Crawl a Website for Knowledge Base

View as Markdown

Use the crawler when you want to import more than a single page from your website. The crawler starts from a root URL, follows links based on your settings, and imports discovered pages into your Knowledge Base.

The crawler runs asynchronously. A crawl can take a few minutes depending on your website size, crawl depth, and page limits.

Set up a website crawl

1

Open the import modal and choose Website Crawl

Go to Knowledge Bases and open your knowledge base.

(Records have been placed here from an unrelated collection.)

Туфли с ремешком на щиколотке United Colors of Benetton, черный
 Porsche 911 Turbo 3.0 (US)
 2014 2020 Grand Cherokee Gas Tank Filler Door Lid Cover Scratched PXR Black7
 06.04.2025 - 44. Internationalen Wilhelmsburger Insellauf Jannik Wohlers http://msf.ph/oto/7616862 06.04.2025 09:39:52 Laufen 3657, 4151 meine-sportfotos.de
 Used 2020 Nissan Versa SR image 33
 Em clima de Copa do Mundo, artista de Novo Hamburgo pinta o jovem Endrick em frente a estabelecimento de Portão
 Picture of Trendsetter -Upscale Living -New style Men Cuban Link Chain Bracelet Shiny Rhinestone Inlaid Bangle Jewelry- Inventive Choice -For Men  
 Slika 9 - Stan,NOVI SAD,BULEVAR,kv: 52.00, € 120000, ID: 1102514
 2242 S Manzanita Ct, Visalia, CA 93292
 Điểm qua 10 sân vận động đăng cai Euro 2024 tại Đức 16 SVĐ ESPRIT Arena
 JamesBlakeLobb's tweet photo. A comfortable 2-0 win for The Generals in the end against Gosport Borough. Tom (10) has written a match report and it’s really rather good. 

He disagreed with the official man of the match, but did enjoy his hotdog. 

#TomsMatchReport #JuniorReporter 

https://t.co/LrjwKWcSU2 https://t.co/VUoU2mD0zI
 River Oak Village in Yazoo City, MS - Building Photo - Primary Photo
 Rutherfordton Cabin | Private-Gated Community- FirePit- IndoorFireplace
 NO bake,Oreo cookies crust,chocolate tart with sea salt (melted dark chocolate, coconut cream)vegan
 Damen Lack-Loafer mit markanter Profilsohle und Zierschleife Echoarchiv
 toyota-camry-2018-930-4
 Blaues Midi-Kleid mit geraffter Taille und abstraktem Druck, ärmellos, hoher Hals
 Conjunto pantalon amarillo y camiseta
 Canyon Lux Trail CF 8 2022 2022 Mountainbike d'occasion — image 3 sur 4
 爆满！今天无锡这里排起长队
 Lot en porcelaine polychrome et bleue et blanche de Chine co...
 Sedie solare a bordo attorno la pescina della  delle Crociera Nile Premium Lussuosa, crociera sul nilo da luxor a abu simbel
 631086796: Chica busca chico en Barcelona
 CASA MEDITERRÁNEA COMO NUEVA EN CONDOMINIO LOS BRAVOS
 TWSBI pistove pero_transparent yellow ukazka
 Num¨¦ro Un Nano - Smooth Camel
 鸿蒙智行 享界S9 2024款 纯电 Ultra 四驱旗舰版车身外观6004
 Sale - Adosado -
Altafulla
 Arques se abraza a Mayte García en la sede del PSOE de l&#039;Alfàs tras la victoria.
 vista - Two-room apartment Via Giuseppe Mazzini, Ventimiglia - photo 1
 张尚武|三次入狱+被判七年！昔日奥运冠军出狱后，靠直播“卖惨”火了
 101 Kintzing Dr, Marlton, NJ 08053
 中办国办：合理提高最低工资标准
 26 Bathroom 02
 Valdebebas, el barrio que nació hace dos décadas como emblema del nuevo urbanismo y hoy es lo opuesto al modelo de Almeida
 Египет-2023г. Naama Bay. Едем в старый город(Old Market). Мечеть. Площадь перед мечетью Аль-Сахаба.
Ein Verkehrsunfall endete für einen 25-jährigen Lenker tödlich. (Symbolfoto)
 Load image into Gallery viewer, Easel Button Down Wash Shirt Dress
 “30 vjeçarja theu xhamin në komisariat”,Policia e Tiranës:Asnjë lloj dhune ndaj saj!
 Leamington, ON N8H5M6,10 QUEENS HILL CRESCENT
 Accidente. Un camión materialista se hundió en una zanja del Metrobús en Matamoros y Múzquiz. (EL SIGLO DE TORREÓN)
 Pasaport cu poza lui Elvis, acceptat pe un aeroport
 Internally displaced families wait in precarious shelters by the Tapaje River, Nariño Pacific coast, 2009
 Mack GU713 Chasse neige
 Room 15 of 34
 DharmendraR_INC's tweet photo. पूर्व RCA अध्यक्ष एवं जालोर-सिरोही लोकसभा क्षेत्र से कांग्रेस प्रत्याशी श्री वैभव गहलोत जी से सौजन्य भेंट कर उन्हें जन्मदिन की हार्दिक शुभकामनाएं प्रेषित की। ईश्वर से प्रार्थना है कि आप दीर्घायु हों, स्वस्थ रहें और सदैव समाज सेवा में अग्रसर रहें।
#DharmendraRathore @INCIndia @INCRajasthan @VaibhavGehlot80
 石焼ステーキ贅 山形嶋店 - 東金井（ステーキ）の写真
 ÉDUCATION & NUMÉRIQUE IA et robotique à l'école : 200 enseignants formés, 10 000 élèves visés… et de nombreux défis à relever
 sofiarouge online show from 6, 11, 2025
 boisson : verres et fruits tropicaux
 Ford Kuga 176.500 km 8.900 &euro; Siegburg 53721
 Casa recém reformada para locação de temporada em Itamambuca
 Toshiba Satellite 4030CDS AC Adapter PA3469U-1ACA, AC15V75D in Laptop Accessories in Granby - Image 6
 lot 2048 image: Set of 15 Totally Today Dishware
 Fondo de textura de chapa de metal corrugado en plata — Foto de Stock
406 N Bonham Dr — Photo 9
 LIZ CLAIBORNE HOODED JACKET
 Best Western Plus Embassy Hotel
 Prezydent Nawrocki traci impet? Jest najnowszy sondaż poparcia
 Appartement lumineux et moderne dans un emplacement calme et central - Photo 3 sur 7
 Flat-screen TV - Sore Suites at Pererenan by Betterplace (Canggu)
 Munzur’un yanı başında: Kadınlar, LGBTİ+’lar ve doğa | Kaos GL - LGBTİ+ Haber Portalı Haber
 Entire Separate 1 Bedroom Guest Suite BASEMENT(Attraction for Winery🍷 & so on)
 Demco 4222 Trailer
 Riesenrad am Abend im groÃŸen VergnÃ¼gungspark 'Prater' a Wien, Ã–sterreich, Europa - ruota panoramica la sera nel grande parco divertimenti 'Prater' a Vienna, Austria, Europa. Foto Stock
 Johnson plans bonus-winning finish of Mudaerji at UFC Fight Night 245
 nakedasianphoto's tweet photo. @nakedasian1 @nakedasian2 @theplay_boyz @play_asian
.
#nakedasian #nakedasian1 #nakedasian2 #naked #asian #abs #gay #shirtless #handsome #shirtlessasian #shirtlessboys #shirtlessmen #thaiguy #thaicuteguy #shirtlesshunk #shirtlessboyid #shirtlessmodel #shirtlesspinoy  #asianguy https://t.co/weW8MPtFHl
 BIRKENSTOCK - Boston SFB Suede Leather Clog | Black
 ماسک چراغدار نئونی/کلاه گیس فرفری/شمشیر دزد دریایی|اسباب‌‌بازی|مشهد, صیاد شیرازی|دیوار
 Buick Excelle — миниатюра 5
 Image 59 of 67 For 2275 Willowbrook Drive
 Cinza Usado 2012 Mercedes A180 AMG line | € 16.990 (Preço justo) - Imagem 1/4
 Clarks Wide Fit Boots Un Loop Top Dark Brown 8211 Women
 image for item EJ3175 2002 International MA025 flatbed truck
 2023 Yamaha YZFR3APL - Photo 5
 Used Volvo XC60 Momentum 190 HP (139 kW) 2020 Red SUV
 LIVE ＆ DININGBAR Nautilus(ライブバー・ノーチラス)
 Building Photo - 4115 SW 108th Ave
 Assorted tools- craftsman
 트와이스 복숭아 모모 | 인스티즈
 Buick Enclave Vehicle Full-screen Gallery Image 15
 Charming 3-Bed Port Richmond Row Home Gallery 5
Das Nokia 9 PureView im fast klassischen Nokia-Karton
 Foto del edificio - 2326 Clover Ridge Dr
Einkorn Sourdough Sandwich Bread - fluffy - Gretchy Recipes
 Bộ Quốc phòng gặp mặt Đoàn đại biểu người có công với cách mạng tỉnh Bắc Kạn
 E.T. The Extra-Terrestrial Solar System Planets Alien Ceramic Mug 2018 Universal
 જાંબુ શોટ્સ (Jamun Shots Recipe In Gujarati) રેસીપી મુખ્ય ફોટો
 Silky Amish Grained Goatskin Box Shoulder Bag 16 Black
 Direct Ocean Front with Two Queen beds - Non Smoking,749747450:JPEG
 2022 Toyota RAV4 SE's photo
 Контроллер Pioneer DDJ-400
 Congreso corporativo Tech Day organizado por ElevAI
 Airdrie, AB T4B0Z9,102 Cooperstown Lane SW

Click Add Document, choose Paste from URL, then switch to Website Crawl.

Import from URL modal with Website Crawl selected

2

Configure crawl settings

Set the required fields:

  • Name: internal name for this source.
  • Root URL: starting URL for discovery (for example, https://docs.synthflow.ai).
  • Max Pages (limit): maximum number of pages to import.
  • Sitemap Handling: whether sitemap URLs are included, skipped, or used exclusively.
  • Sync Schedule: automatic recrawl cadence.

Use Advanced Settings for include/exclude path rules, URL parameter handling, subdomain inclusion, and crawl depth.

Advanced crawler settings including include/exclude paths and crawl depth

3

Start the crawl

Click Start Crawl. Importing starts in the background and the source status shows as Crawling in progress while pages are being discovered and indexed.

Crawler in progress status

4

Review imported pages

When crawling finishes, open the source details to review the imported pages list and inspect extracted content.

Imported pages and extracted content preview

Recommendations

  • Start with a lower page limit while testing, then increase gradually.
  • Use include/exclude rules to avoid irrelevant sections (for example /blog or /changelog).
  • Keep URL-parameter ignoring enabled to reduce duplicate page imports.
  • Use a lower crawl depth for focused imports and higher depth for full-site coverage.